What I'm saying is true and Sergei hears it. I don't say anything about the photograph, I can't let him know I saw the shine in his eyes. He takes out two fifties from his back pocket, lines them up properly against each other.

“Maybe you're right, Irish bullhead,” he says. “Maybe you have a point.”

He puts all the notes back, one by one. Smoothes them, lines them up, and folds them inside the clip and puts the clip back inside the hood of the Florida State sweatshirt.

“You're the smart one, Irish bullhead. You're the brains, I'm only the pretty face.”

He sticks his tongue out and I stick my tongue out and that means things are back to normal, nearly normal. We get into bed again, leave the last drawer unchecked.
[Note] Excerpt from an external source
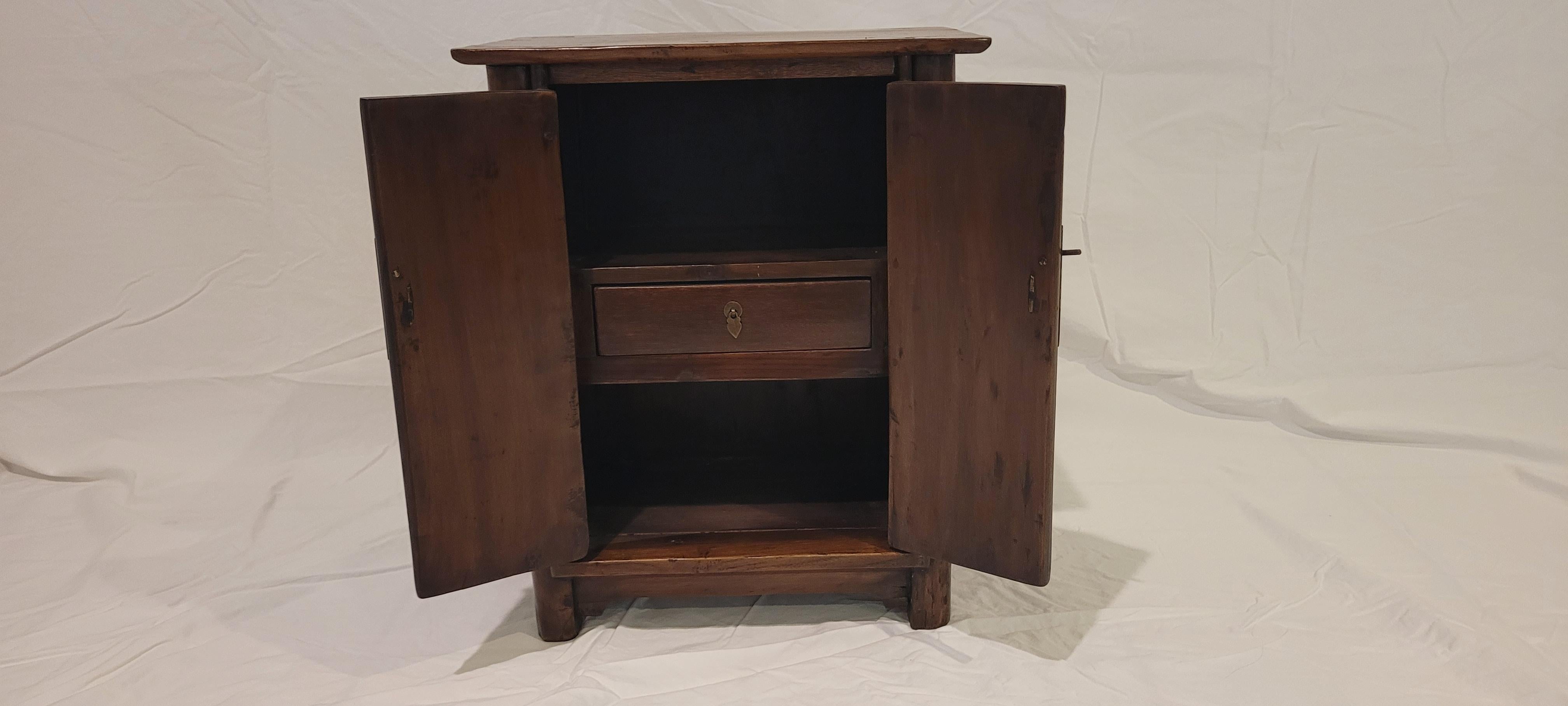 Chinois Petite armoire Kang du 19ème siècle en vente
He rolls over so I can't see his face but I can hear what he says.

“You know I was only joking about you being a coward. You know I didn't mean it.”

“I know. I'm sorry if I hurt your arm.”

He fell asleep straightaway. Sergei can sleep anywhere, we joke that he can sleep standing up. But I lie here and I can't sleep. I'm back on the beach in Rush, the sand squishy cold under my toes at the edge of the water. It doesn't get deep for ages and I walk out really far before I have to stop because the bottom of my shorts gets wet. The others are way out. Susan Mulligan and Paula O'Brien are the furthest, specs above the sparkle on the waves. Lisa is closer in, with Aisling Begley and her sister, and their voices carry over the water, their laughter does.

I want to be with them, but I don't want to be with them. I know I can't. I don't know why except Dad always says it's the most important rule. And I know that the rule has something to do with you.

Rhea

Central Park, New York
26th April 1999
2:25 p.m.

Dear Mum,

When I was a little kid and New York came on the telly, I'd sit up extra close to the screen so I wouldn't miss anything. I wanted to see everything, to hear all the sounds. I wanted to climb inside the TV so I could smell it. Today, New York smells like sugar and grease and some kind of car-fumy smell all mixed up together. Sometimes Florida smelled like car fumes too, and parts of it smelled like the sea, but different from the sea in Rush.

Did you like it, living in Rush? If there was a scale and New York was at one end, Rush would be at the opposite one. You couldn't find places more different. I don't just mean because it's quiet and a village, it's the flatness too. Rush is as flat as New York is tall. Rush is the flattest place in the world compared to New York.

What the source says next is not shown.